Welcome to “Improving Your Business” a message from Peter Towers.

In this edition we discuss three of the key components of “Creating Value” for a business, company, charity, Not-for-Profit or sporting organisations:

  • Goals
  • “Assets”
  • “Metrics”

If you are pursuing a strategy to establish a growing company, it is important that your vision has been divided into separate goals.

If you have an objective to raise capital to assist in funding the growth process, investors are seeking companies which exhibit a strong understanding of the need to create real value for the company and not just to generate quick returns.

Investors are trying to determine whether the Directors and Leadership Team have the required skills and stamina to pursue the goals that the company has set.

Goals need to be set as to whether they are short term, long-term or periodic, and those goals are incorporated within the task allocation, allocated to a Leadership Team member for follow-through and achievement.

Investors like to see goals outlined in a following format…

What are the exit goals?

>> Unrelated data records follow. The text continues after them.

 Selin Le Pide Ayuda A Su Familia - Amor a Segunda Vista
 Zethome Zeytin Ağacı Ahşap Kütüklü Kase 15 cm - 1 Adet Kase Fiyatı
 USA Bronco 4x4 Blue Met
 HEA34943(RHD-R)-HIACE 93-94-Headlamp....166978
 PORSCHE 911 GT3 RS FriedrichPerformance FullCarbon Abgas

Investors in a start-up company or a company undertaking the scaling up process are generally not interested in being a long-term investor.  They want to know whether the Directors have set a policy to achieve an exit by a set time.

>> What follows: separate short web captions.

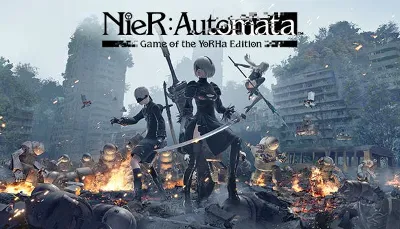 NieR: Automata Steam Game of the YoRHa Edition Steam Key +bonus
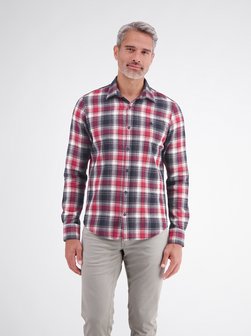 Herren Karohemd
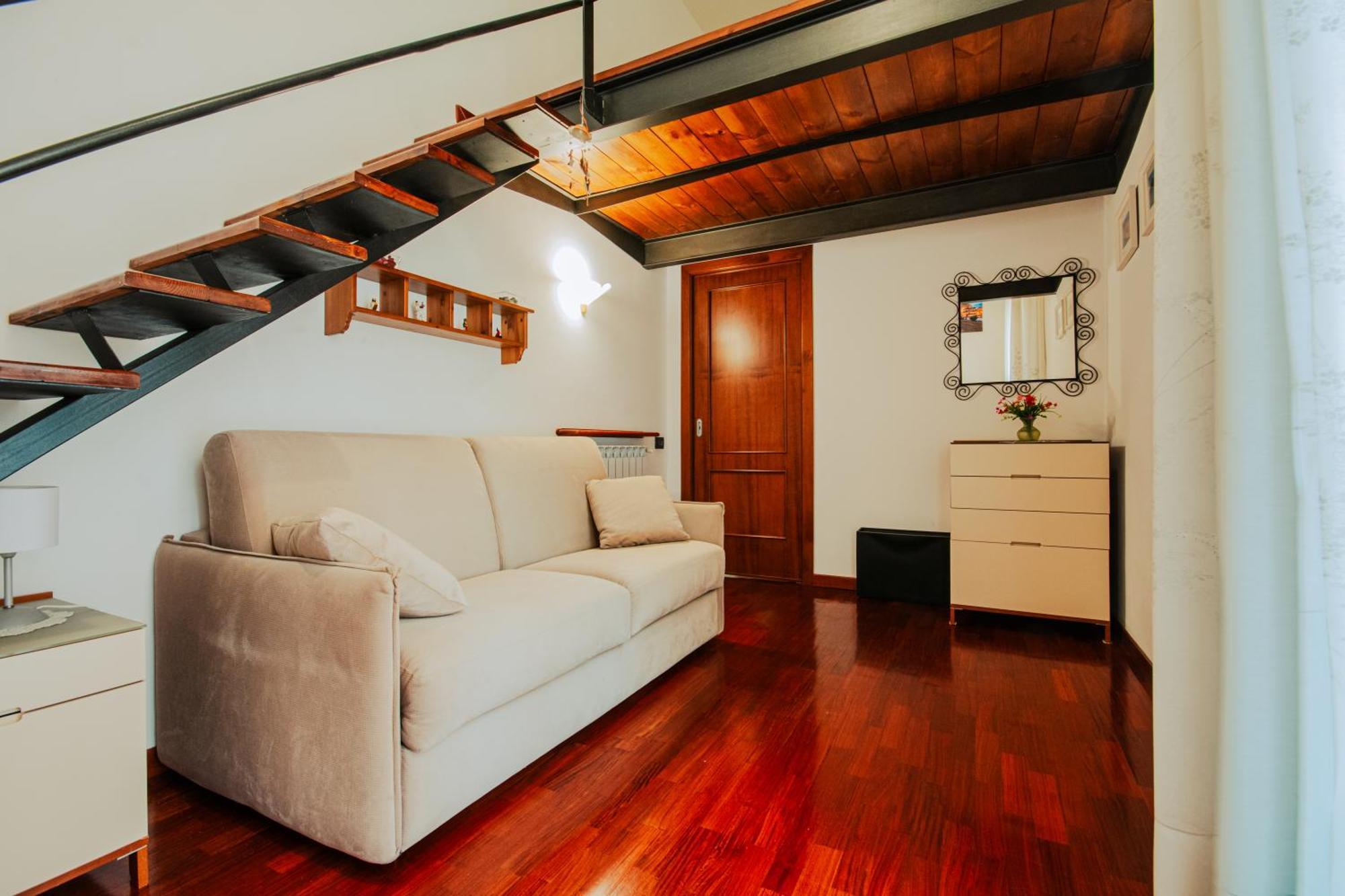 La Casa Di Scio Scio & La Stanza Di Scio Scio Apartment Naples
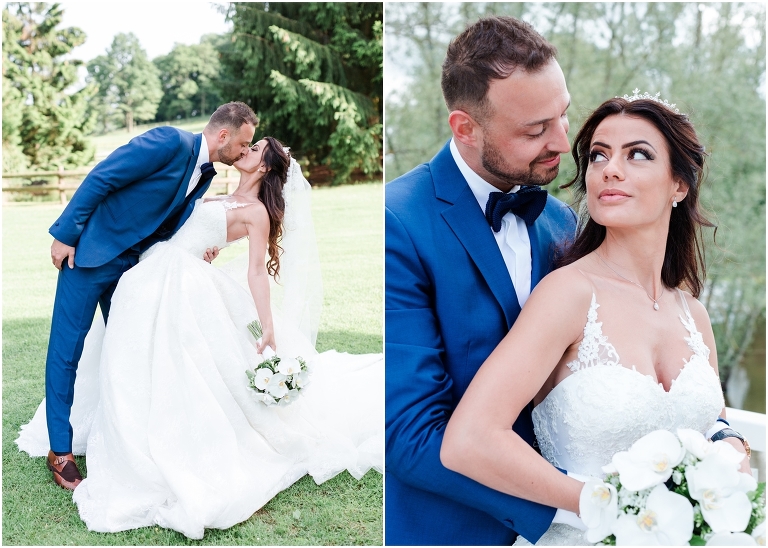 Mariage Domaine de la Butte Ronde Yvelines 2 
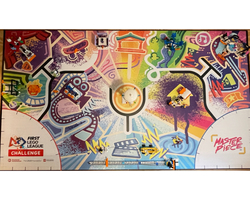 Набор LEGO 45823 MASTERPIECE Challenge Set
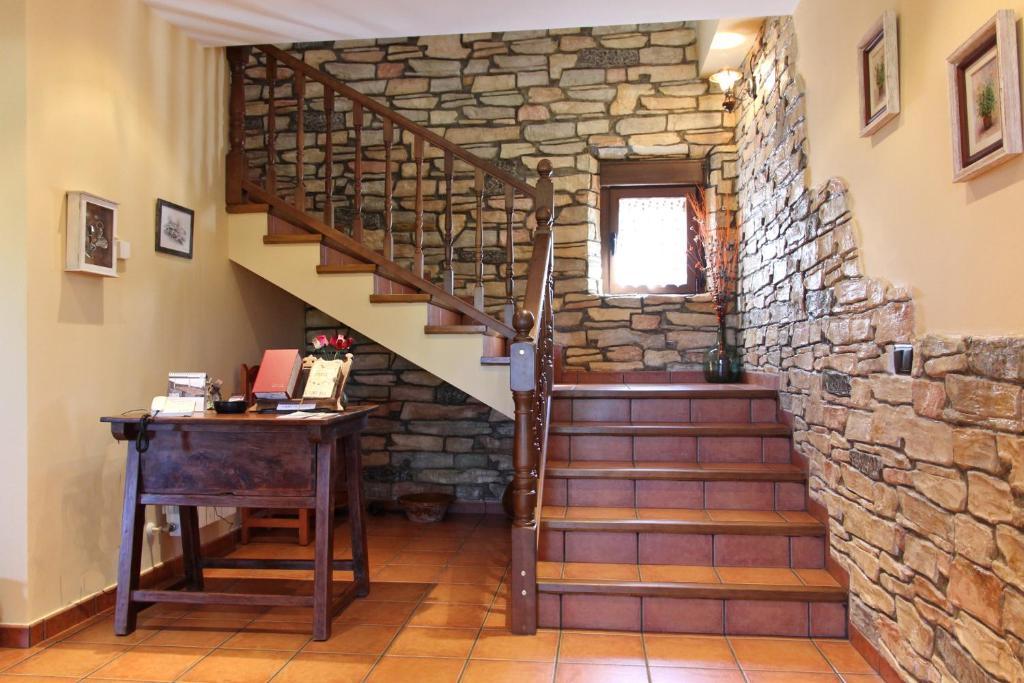 Hotel Los Arrenes De Tarancuena Ngoại thất bức ảnh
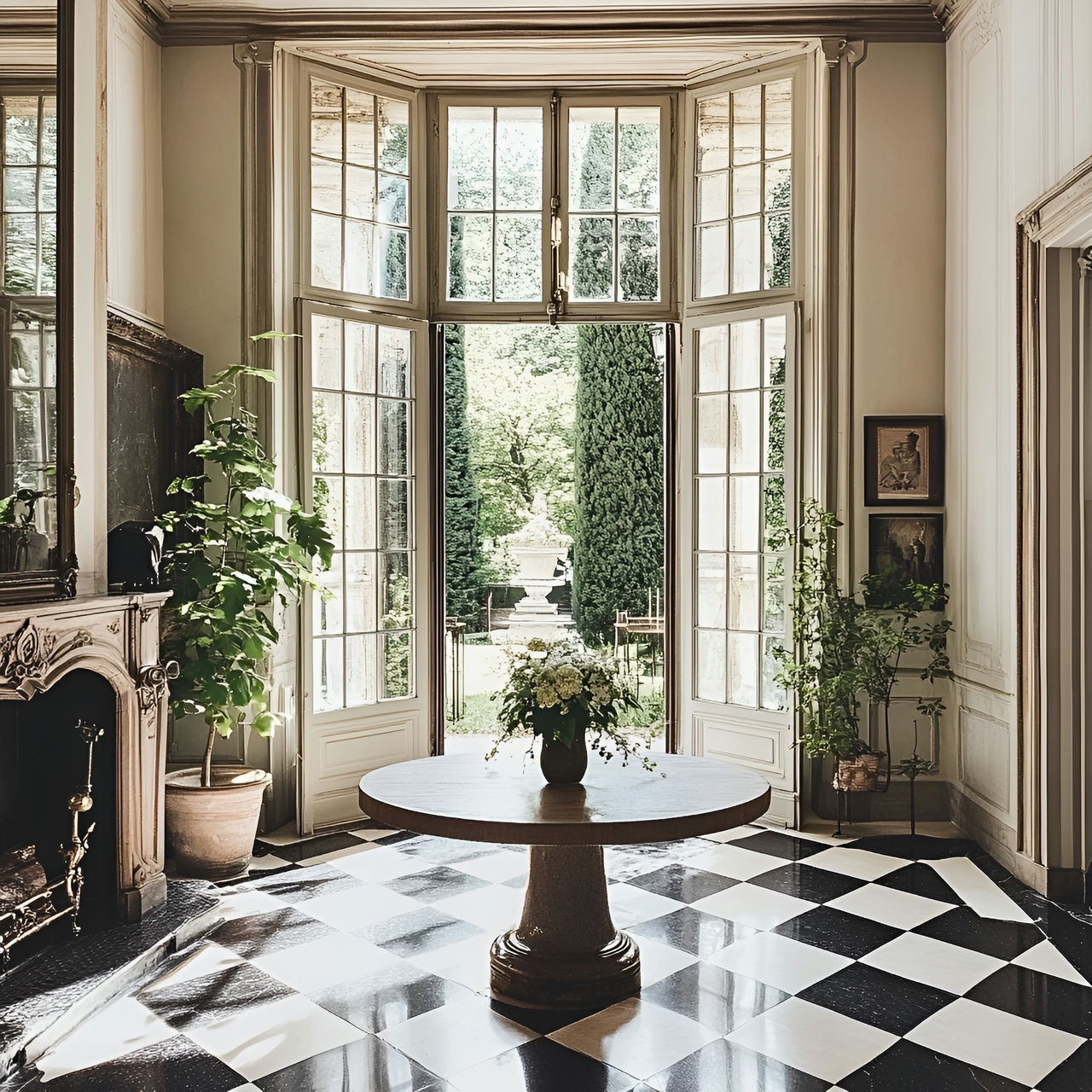 Foyer: Taille, Fonctionnalité, Utilisation, Mobilier et Rénovation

Next month goals: what needs to be completed by the end the next month?  This is obviously a high priority!

Next quarter goals: this is a normal planning process for a Leadership Team – what has to be completed in the next quarter?

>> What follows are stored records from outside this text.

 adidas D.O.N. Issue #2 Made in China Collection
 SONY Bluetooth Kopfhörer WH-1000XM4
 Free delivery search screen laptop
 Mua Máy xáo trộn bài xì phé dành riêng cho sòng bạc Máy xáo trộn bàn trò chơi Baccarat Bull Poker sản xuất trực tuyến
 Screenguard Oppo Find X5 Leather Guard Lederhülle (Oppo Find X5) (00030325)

One-year goals: this is normally a larger project that is going to take a year to complete.  The Leadership Team should implement monitoring measures which will ensure that the project is completed on time.

5-year goals: whilst this appears a long time, it can go fairly quickly.  The Directors and Leadership Team should have set a clear strategy on the results that they would like to achieve over five years.  It is advisable to implement a reporting process to ensure that the Directors are kept informed of progress.

When a business is growing, there needs to be an awareness of the key “assets” within the business. These assets are not just land and buildings or plant and equipment, but include a range of individual items that, when they are consolidated, are real “business assets” of the company.

These key assets should be subject to ongoing monitoring and evaluation to see where changes could be made and improvements implemented.  Companies which are committed to growth strategies will have most of these assets:

Intellectual Property: has it been documented and is it safeguarded?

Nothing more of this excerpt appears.